That’s going to be hard to argue. Where are the copies?
“Having copied the five billion images—without the consent of the original artists—Stable Diffusion relies on a mathematical process called diffusion to store compressed copies of these training images, which in turn are recombined to derive other images. It is, in short, a 21st-century collage tool.“
“Diffusion is a way for an AI program to figure out how to reconstruct a copy of the training data through denoising. Because this is so, in copyright terms it’s no different from an MP3 or JPEG—a way of storing a compressed copy of certain digital data.”

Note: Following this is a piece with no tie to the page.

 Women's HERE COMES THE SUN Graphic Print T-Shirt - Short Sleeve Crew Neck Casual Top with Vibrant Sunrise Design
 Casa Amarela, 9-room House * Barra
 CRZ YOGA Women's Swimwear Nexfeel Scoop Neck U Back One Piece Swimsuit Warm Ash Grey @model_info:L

The examples of training diffusion (eg, reconstructing a picture out of noise) will be core to their argument in court. Certainly during training the goal is to reconstruct original images out of noise. But, do they exist in SD as copies? Idk
In fairness, Diffusion is arguably a very complex entropy coding similar to Arithmetic/Huffman coding.
Given that copyright is protectable even on compressed/encrypted files, it seems fair that the “container of compressed bytes” (in this case the Diffusion model) does “contain” the original images no differently than a compressed folder of images contains the original images.

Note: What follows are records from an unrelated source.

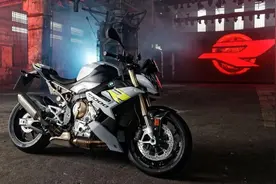 宝马新款S1000R取消大小眼，春风：宝马你不讲武德图片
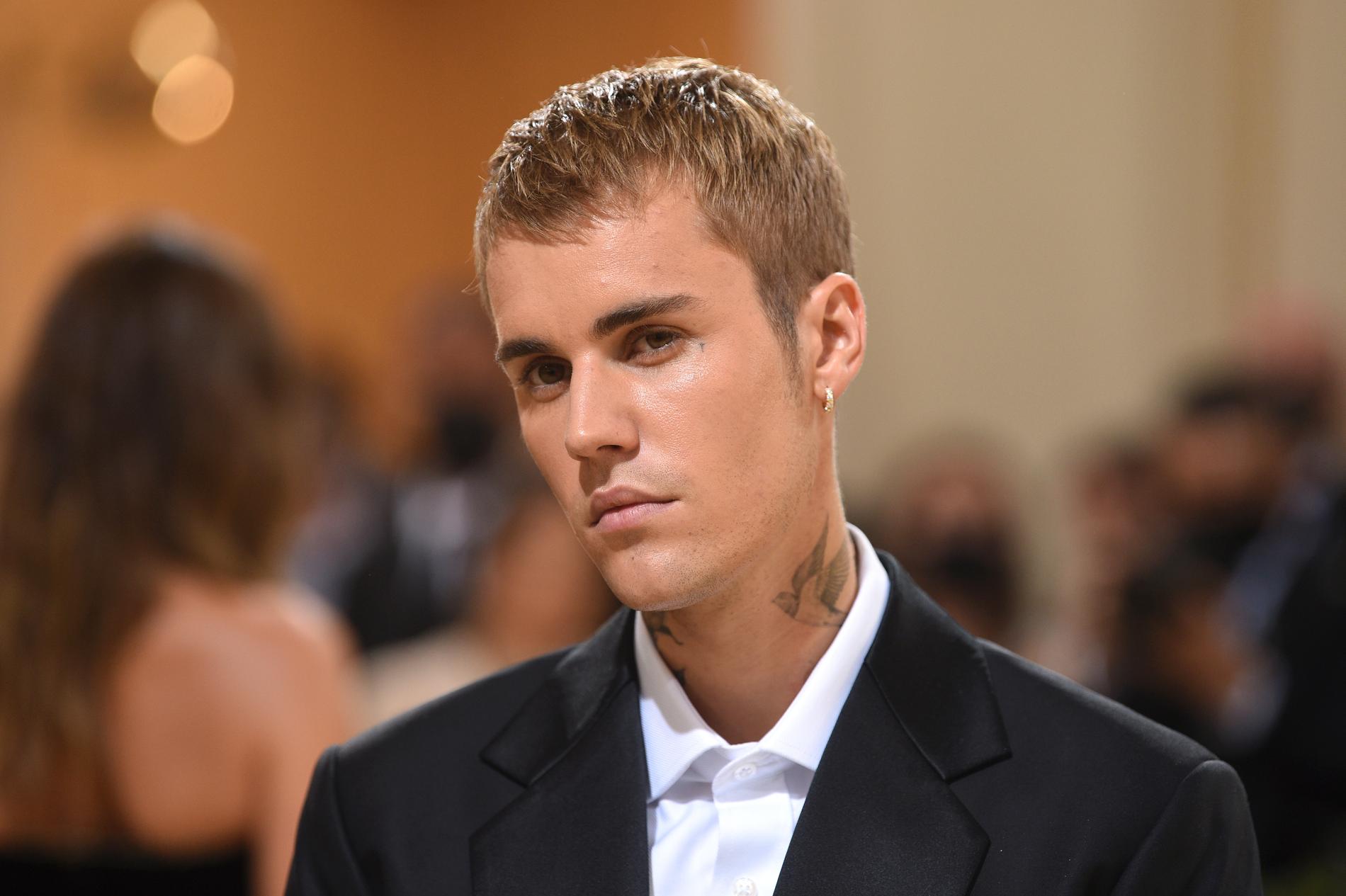 Artisten Justin Bieber menar att H&M säljer produkter med hans namn utan tillstånd. Arkivbild.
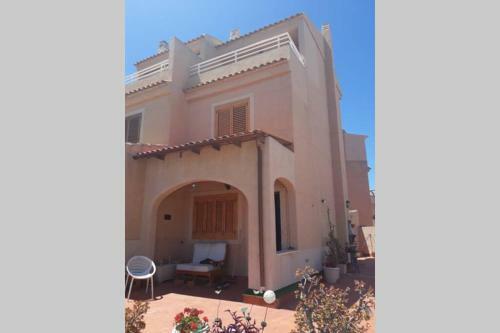 Nice Terraced House 300m From The Beach With Large Beaitiful Terrace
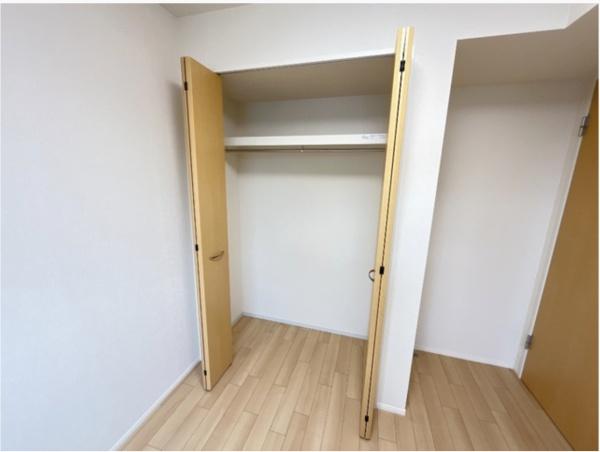 四街道市鹿渡のアパート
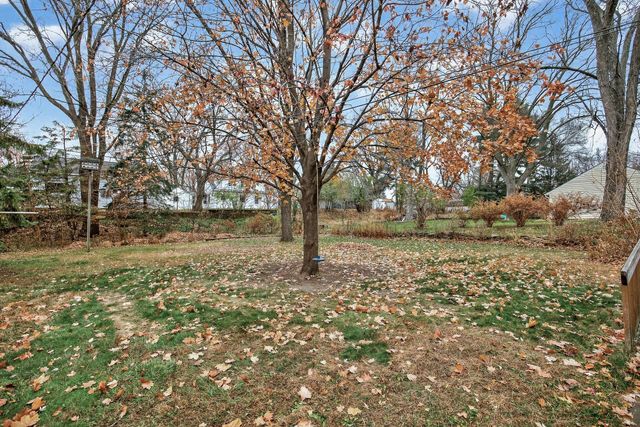 2057 Giesmann Street, Roseville, MN 55113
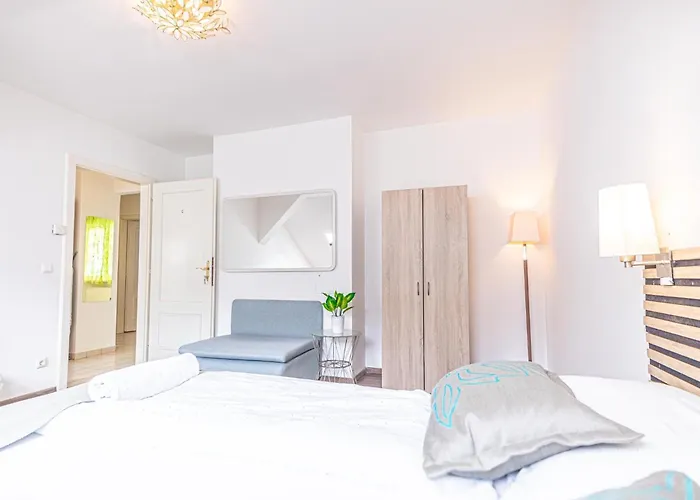 Spacious & Comfy Private In 3br Shared Apt, Very In Viena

A lawyer/researcher would likely win this case if they re-create 90%ish of a single input image from the diffusion model with text input.

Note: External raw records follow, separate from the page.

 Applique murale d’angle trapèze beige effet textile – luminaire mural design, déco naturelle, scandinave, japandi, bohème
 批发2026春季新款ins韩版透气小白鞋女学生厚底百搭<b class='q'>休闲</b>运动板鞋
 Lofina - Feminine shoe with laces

There's a world of difference that you are just writing off.
Which of course then arrives at the problem: the original data plainly isn't stored in a byte exact form, and you can only recover it by providing an astounding specific input string (the 512 bit latent space vector). But that's not data which is contained within Stable Diffusion. It's equivalent to trying to sue a compression codec because a specific archive contains a copyrighted image.
That's plainly untrue, as Stable Diffusion is not just the algorithm, but the trained model—trained on millions of copyrighted images.
SD might know how to violate copyright but is that enough to sue it? Or can you only sue violations it helps create?
That’s said, it does raise the question, “should this precedent be extended to humans?”
i.e. Can humans be taught something based on copyrighted materials in the training set/curriculum?
To address (b) first: Fair Use has long held that educational purposes are a valid reason for using copyrighted materials without express permission—for instance, showing a whole class a VHS or DVD, which would technically require a separate release otherwise.
For (a): I don't know anything about your background in ML, so pardon if this is all obvious, but at least current neural nets and other ML programs are not "AI" in anything like the kind of sense where "teaching" is an apt word to describe the process of creating the model. Certainly the reasoning behind the Fair Use exception for educating humans does not apply—there is no mind there to better; no person to improve the life, understanding, or skills of.